Migrants “are more likely to have low-skilled and low-paid jobs, which are not in line with their educational level or skills,” notes the ILO, in what is the first comprehensive report on migrant workers’ wages .
The ILO analysed the situation in 49 countries to prepare the report “Disparities in wages for migrants: analysis of wage differences between migrants and citizens of host countries”.
One of the countries is Portugal, where according to the report, the situation worsened between 2015 and 2020, with an increase in wage inequality for migrants from 25 to 29 percent.The wage gap reaches 42 per cent, in the case of Cyprus, and drops to 9 percent if the whole European Union (EU) is analysed.

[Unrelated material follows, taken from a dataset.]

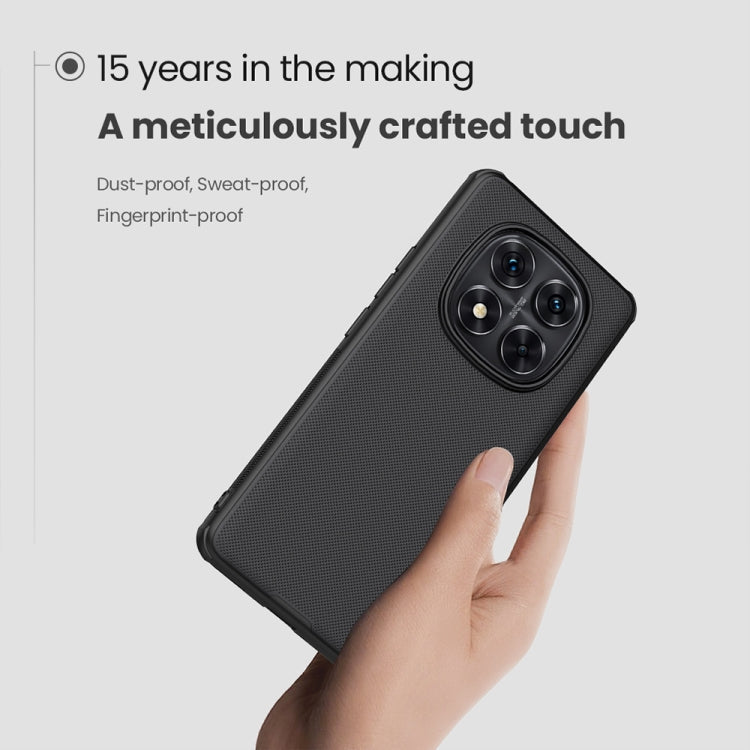 For Redmi Note 14 Pro+ 5G NILLKIN Frosted Shield Pro Magnetic Phone Case(Black)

The ILO also addressed the difficulties that migrants face in receiving the same wages as the citizens of the host countries and in finding work compatible with their level of education (“largely as a result of the lack of recognition systems skills and qualifications ”).
In countries with a high number of entries, even migrants with higher education “are less likely to get jobs in high professional categories”, said the organisation.
In all the countries analysed, migrant workers face “problems associated with discrimination and exclusion”, the organisation notes.
“Migrant workers often have to face unequal conditions in the labour market, particularly in terms of wages, access to employment and training, working conditions, social security and union rights. They play a major role in many economies. They cannot be considered second-class citizens, “says Michelle Leighton, director of the ILO’s Labour Migration Service.